Birth in the Pure Land means becoming a Buddha and achieving perfect Oneness with Amida Buddha. We are thus identified totally with Amida Buddhas Wisdom and Compassion. This Oneness is not a static end itself, for True Wisdom-Compassion is an active, moving spiritual force. So long as there is suffering and ignorance in the Universe the power of compassion will never cease its work of mercy. Thus we, who become one with Amida Buddha in the Pure Land, will return repeatedly to this shore of suffering for the salvation of all beings. Shinran Shonin said,
Though I, my life having run its course,
Return to the Pure Land of Eternal Rest,
Come back shall I to earth again and again,
Just as the waves of Wakano-Ura Bay.
When alone you rejoice in the Sacred Teachings,
Believe that there are two,
And when there are two to rejoice,
Believe that there are three,
That other shall be Shinran.
The Pure Land ideal is the culmination of the teaching of Compassion and Wisdom.

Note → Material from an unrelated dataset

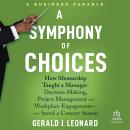 A Symphony of Choices: How Mentorship Taught a Manager Decision-Making, Project Management and Workp Audiobook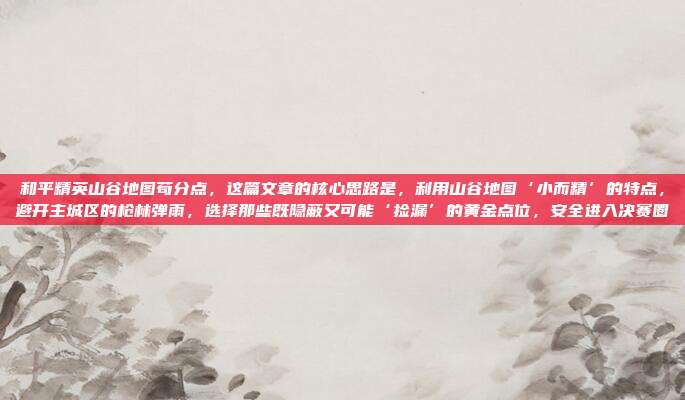 和平精英山谷地图苟分点,这篇文章的核心思路是,利用山谷地图‘小而精’的特点,避开主城区的枪林弹雨,选择那些既隐蔽又可能‘捡漏’的黄金点位,安全进入决赛圈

While the ultimate objective of life in Jodo Shinshu lies in the achievement of Buddhahood, lifes immediate purpose is realized in the awakening of faith. In this religious experience we know that we now live in Amida Buddhas Light. This is the spiritual state Shinran Shonin called the ranks of the truly assured. The recitation of the Nembutsu Namu Amida Butsu flows naturally and clearly as waters from a mountain spring.
The life of faith has achieved a high lever of internal organization. It will have developed the wisdom and the insight to understand the changing wisdom and the insight to understand the changing circumstances of life. Even under adverse conditions a man of faith will be strong because his inner conviction is strong. He has gained a new vision and dimension in his life. Because his spiritual roots reach down into the Compassion of Amida Buddha, his taste of life is inexpressibly sensitive. His religious acts are performed out of gratitude to Amida Buddha. He asks nothing of Amida Buddha but dedicates his whole being to him.

- by Rev Kenryu Tsuji, Buddhist Churches of America

The Essentials of Jodo Shinshu (Shinshu Creed)

NAME: Jodo Shinshu Hongwanji-ha

FOUNDER: Kenshin Daishi Shinran Shonin (1173-1263)

BUDDHA: Amida Buddha (Buddha of Infinite Light and Life)

SUTRA: Three Principal Sutras of Jodo Shinshu:
1. Larger Sutra on the Buddha of Infinite Life
2. Sutra of Meditation on the Buddha of Infinite Life
3. Smaller Sutra on the Buddha of Infinite Life

TEACHING: Having awakened to the compassion of Amida Buddha and rejoicing in the assurance of Buddhahood, we shall endeavor to live the life of gratitude and service.

TRADITION: The Hongwanji is a community of people joined together by the gladness of receiving the Shinjin of Amida Buddha. As Jodo Shin Buddhists, we shall seek to be humble and sincere in words and in deeds, to be responsible citizens of our society and to share with others the teachings of Jodo Shinshu. Understanding fully the principle of causality, we shall not practice petitionary prayer and magic, and do not depend on astrology and superstitions.